▶ TASK TO CARRY OUT
Match on the string "Front" in the entries below and return every matching line.

▶ DATASET RECORDS
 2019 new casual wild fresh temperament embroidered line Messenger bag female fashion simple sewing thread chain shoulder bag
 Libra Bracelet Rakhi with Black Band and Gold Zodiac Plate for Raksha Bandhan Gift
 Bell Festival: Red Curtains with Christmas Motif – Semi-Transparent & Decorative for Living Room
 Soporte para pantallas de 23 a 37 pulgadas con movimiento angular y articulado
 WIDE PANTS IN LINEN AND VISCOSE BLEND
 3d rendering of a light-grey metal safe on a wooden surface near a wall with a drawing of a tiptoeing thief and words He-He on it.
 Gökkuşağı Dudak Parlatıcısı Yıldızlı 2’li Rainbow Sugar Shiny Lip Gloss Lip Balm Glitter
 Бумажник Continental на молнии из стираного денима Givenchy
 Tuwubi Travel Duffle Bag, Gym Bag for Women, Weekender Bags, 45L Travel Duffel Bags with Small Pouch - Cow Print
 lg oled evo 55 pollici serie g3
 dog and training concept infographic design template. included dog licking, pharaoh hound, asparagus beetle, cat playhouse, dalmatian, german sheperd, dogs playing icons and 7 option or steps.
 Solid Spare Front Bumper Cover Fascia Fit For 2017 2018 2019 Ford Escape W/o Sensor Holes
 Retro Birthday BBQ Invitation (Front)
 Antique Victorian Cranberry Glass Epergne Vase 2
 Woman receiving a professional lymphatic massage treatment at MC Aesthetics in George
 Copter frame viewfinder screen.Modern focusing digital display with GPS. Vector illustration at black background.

▶ REPLY
 Solid Spare Front Bumper Cover Fascia Fit For 2017 2018 2019 Ford Escape W/o Sensor Holes
 Retro Birthday BBQ Invitation (Front)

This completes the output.